WHAT YOU WILL DO
For each entry below, write an exact copy and leave out the images.

━━━━━━

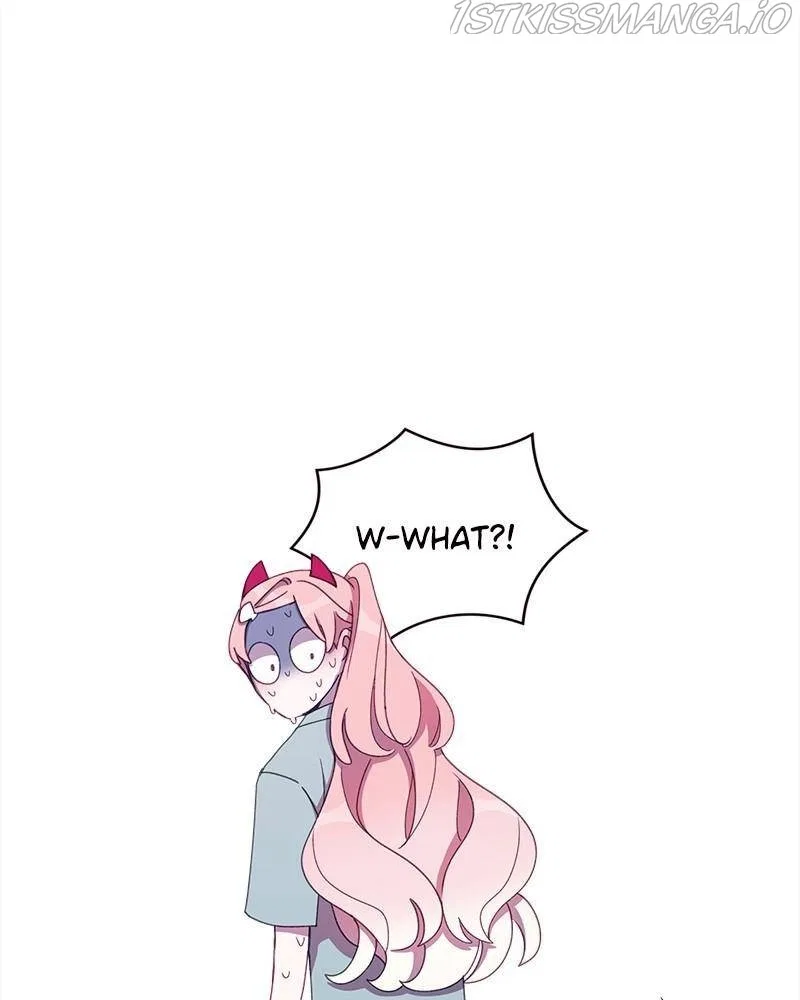 Lord, Let Me Be the Devil! Chapter 22 – Page 8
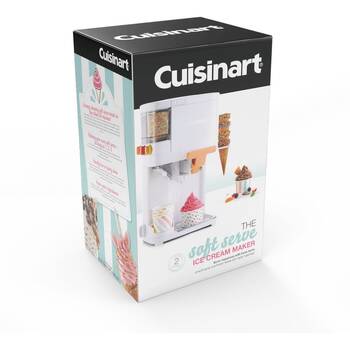 /assets/alt_6/CHW-ICE-48XA.jpg?20260217180133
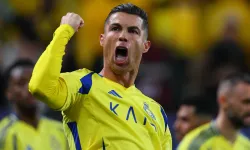 Ronaldo kariyerine nerede devam edecek?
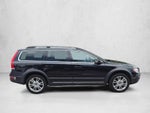 2016 Volvo XC70 AWD 4dr Wgn T5 Premier
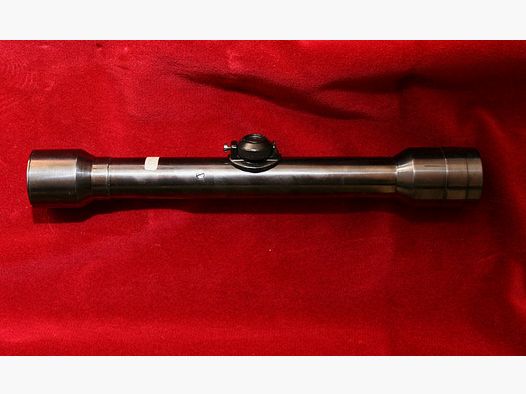 Schneider Optik 4x36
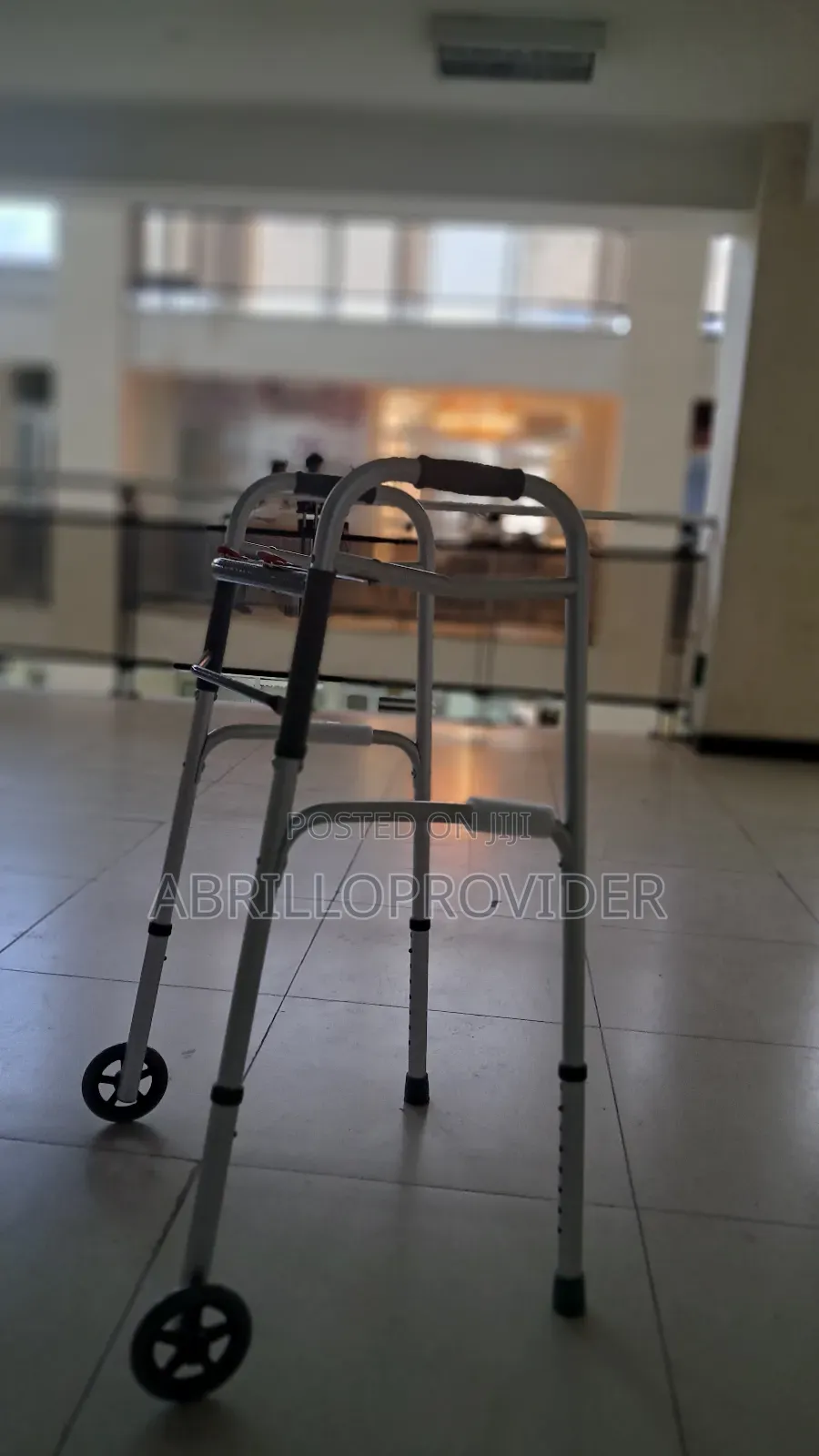 Walker6walker2walker7walker3walker5walker8walker5walker6walk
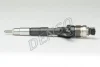 Електромагнітний CR інжектор NISSAN MURANO II, NAVARA, NAVARA NP300, NP300, PATHFINDER III, PICK UP 2.5D 11.01- DENSO DCRI300300 (фото 5)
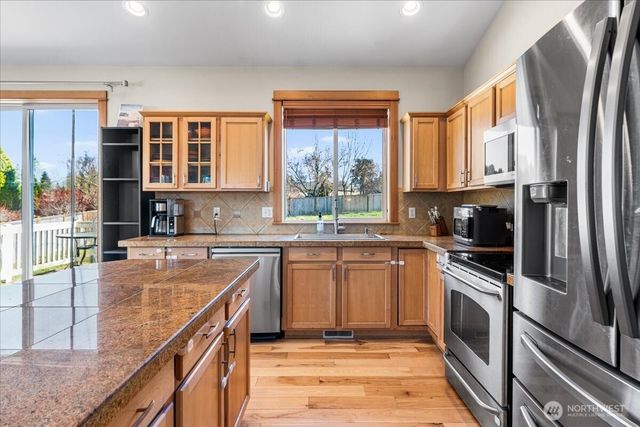 9723 Phillips Road SE, Port Orchard, WA 98367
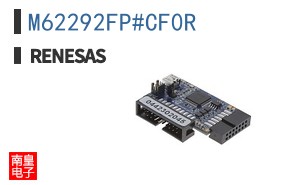 M62292FP#CF0R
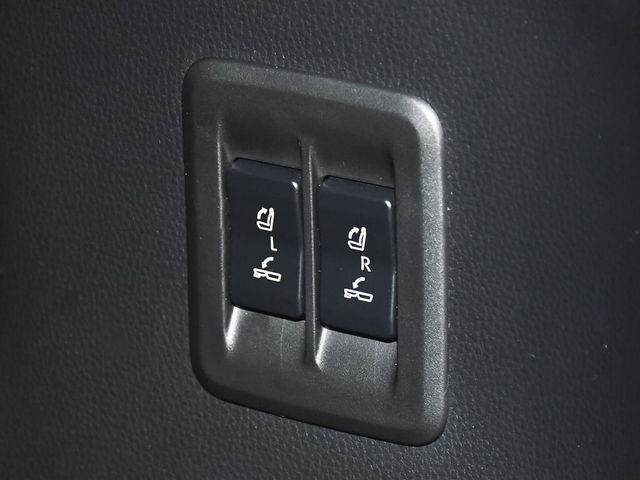 2024 Lexus GX 550 Premium - 23057402 - 71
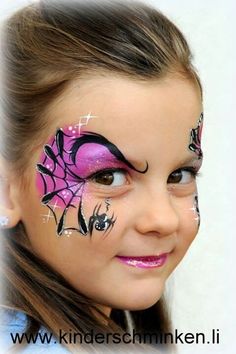 Make Up Diy, Halloweenský Makeup, Witch Makeup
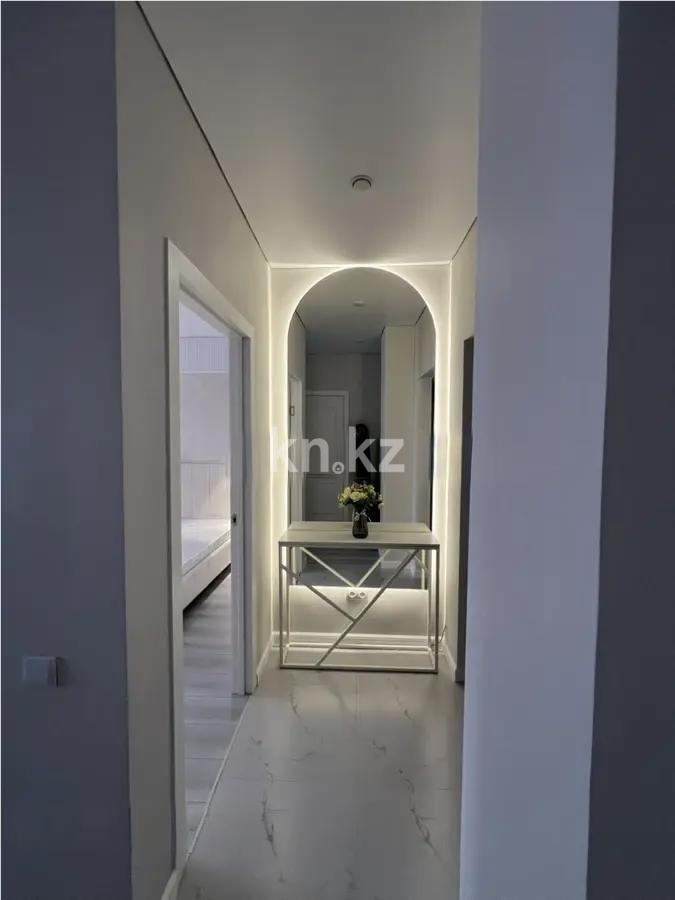 Продажа 2-комнатной квартиры, 45.6 м² - Продажа квартир в Астане - страница 2 фото 5 из 5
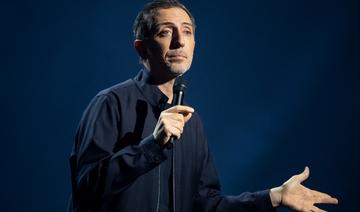 Pour le Maroc, les humoristes solidaires des populations affectées par le séisme meurtrier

━━━━━━

TASK SOLUTION
 Lord, Let Me Be the Devil! Chapter 22 – Page 8
 /assets/alt_6/CHW-ICE-48XA.jpg?20260217180133
 Ronaldo kariyerine nerede devam edecek?
 2016 Volvo XC70 AWD 4dr Wgn T5 Premier
 Schneider Optik 4x36
 Walker6walker2walker7walker3walker5walker8walker5walker6walk
 Електромагнітний CR інжектор NISSAN MURANO II, NAVARA, NAVARA NP300, NP300, PATHFINDER III, PICK UP 2.5D 11.01- DENSO DCRI300300 (фото 5)
 9723 Phillips Road SE, Port Orchard, WA 98367
 M62292FP#CF0R
 2024 Lexus GX 550 Premium - 23057402 - 71
 Make Up Diy, Halloweenský Makeup, Witch Makeup
 Продажа 2-комнатной квартиры, 45.6 м² - Продажа квартир в Астане - страница 2 фото 5 из 5
 Pour le Maroc, les humoristes solidaires des populations affectées par le séisme meurtrier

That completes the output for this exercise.